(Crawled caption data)
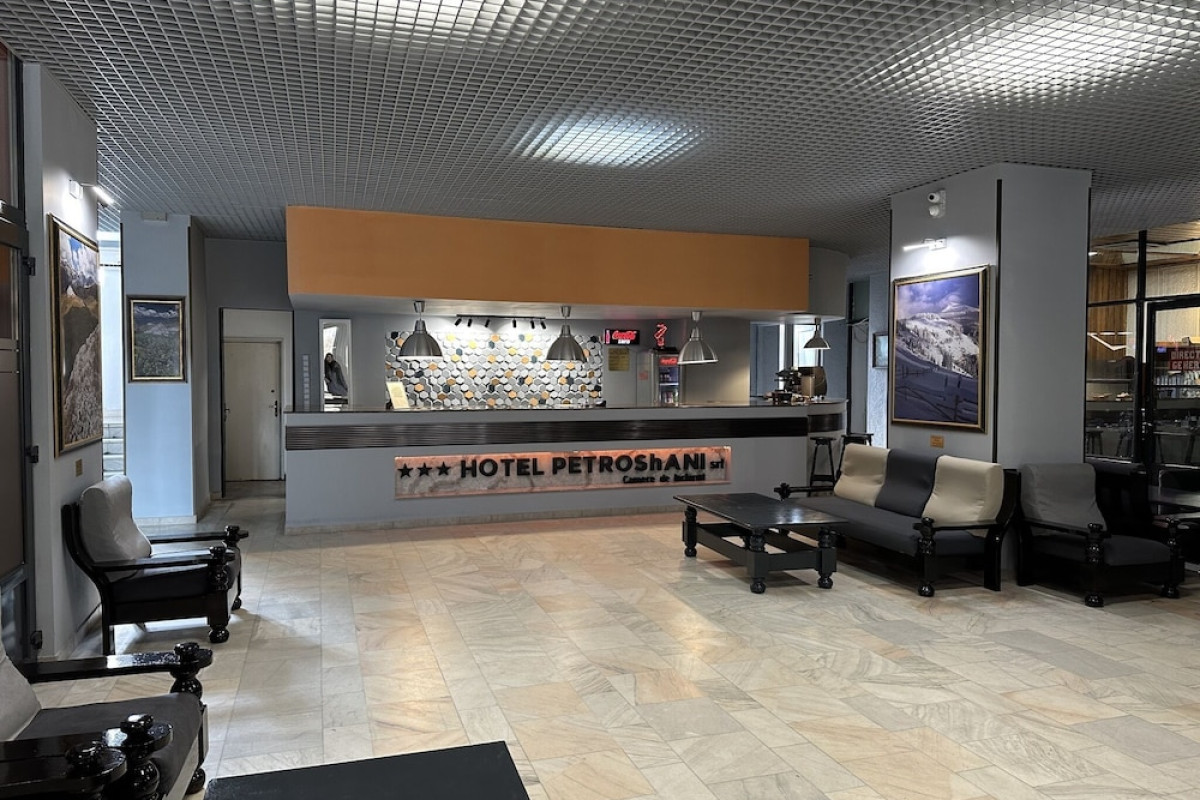 HOTEL PETROSHANI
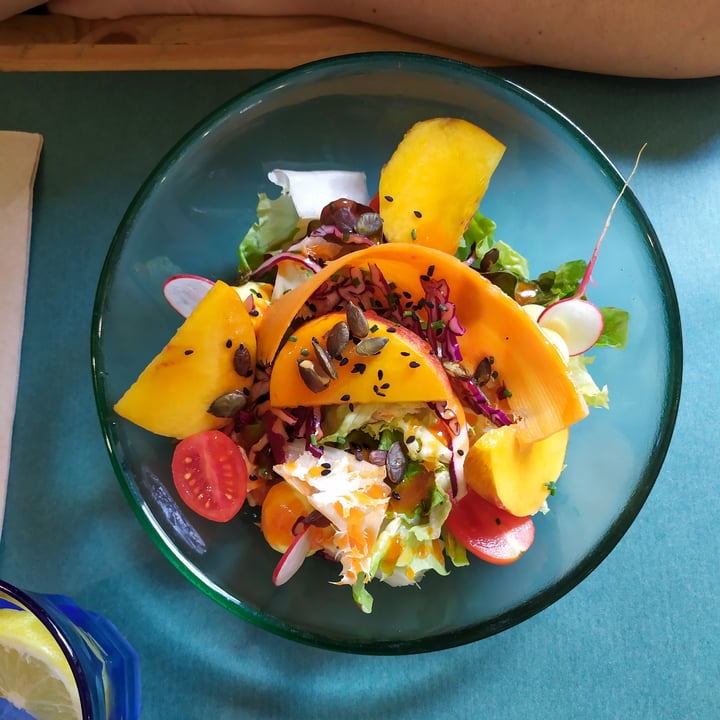review photo of La Fresca Amanida De Fruita shared by @marinarp12 on 01 Feb 2022 - review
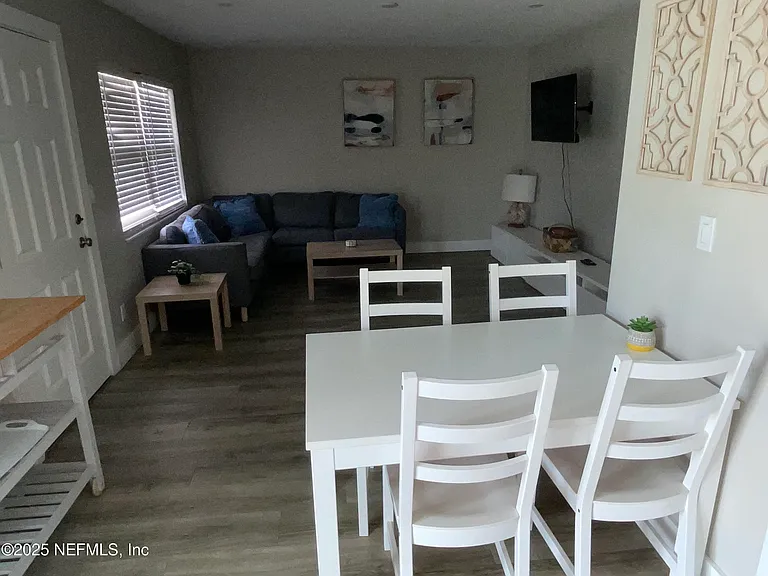 318 Arricola Ave #101 — Photo 24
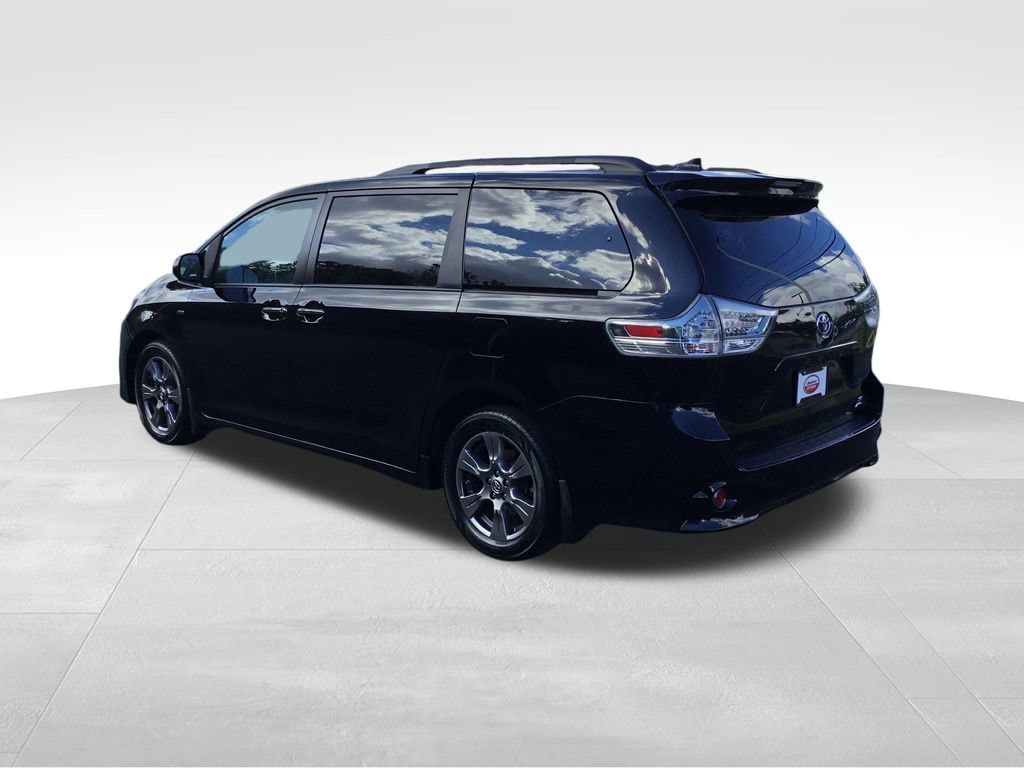 Used 2019 Toyota Sienna SE Premium Van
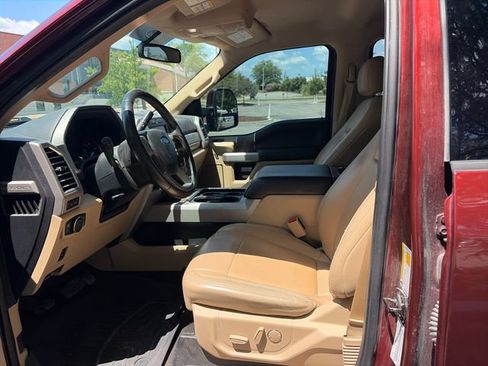 Used 2017 Ford F250 Lariat w/ Lariat Value Package AWD/4WD image 12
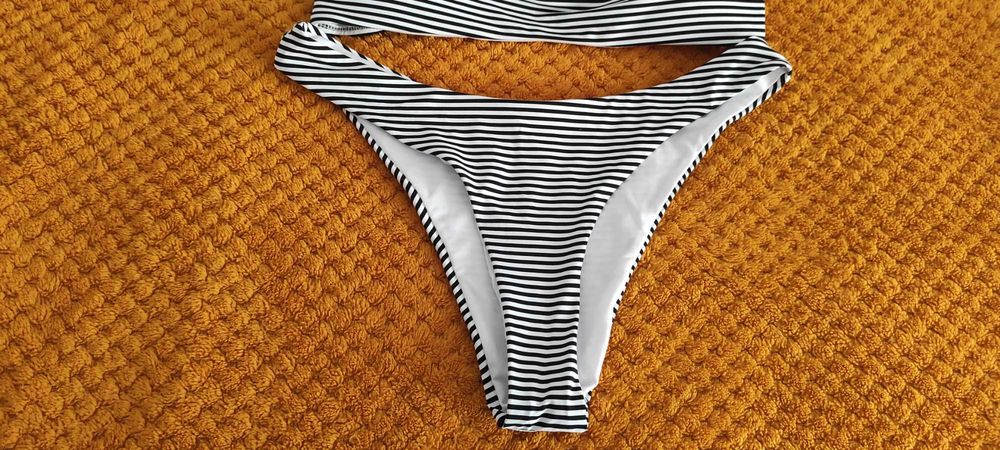 Strój kąpielowy dwuczęściowy w paseczki S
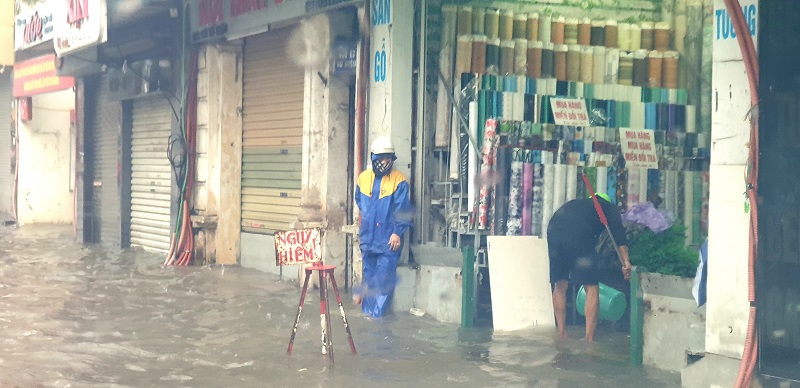 Nhiều tuyến phố ở Hải Phòng ngập sâu sau trận mưa lớn - Ảnh 4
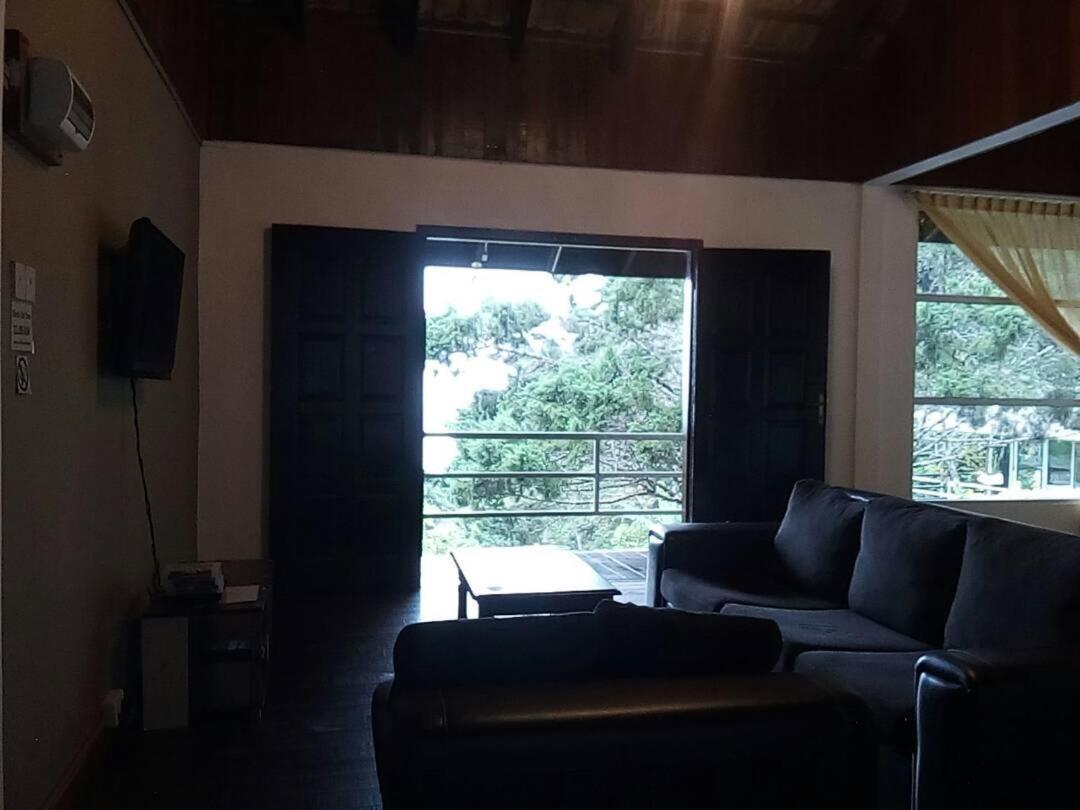 J Residence Kundasang Номер фото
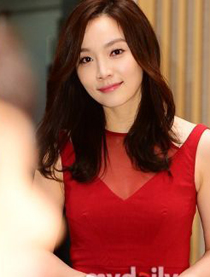 曾是公认郎才女貌,闪婚13天闪离,家暴妻子致其流产还砍其手指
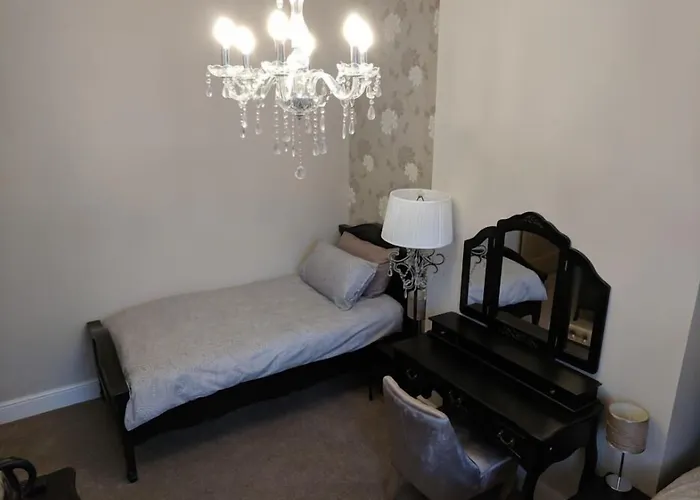 Combe Martin Lodging 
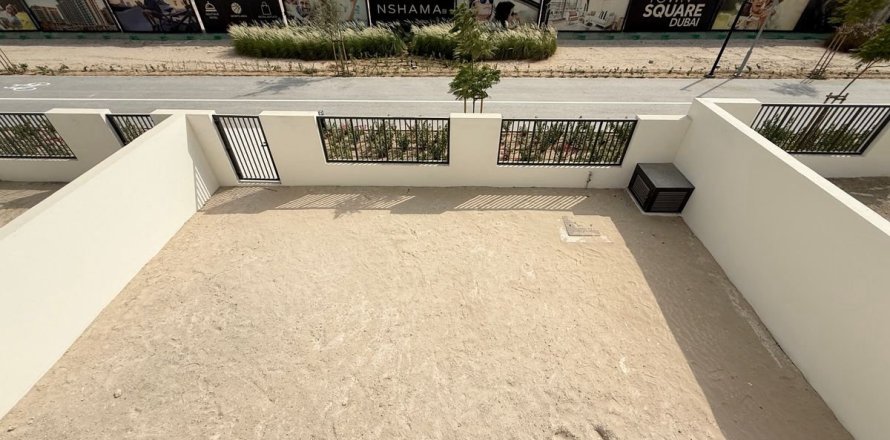 Townhouse de 4 dormitorios en Town Square, UAE No. 103247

### What you are asked to do:
Only the lines from the start of the records to the one containing "Used 2017 Ford" should be repeated, exactly and with both ends kept; drop any pictures.

### Response to this task:
 HOTEL PETROSHANI
review photo of La Fresca Amanida De Fruita shared by @marinarp12 on 01 Feb 2022 - review
 318 Arricola Ave #101 — Photo 24
 Used 2019 Toyota Sienna SE Premium Van
 Used 2017 Ford F250 Lariat w/ Lariat Value Package AWD/4WD image 12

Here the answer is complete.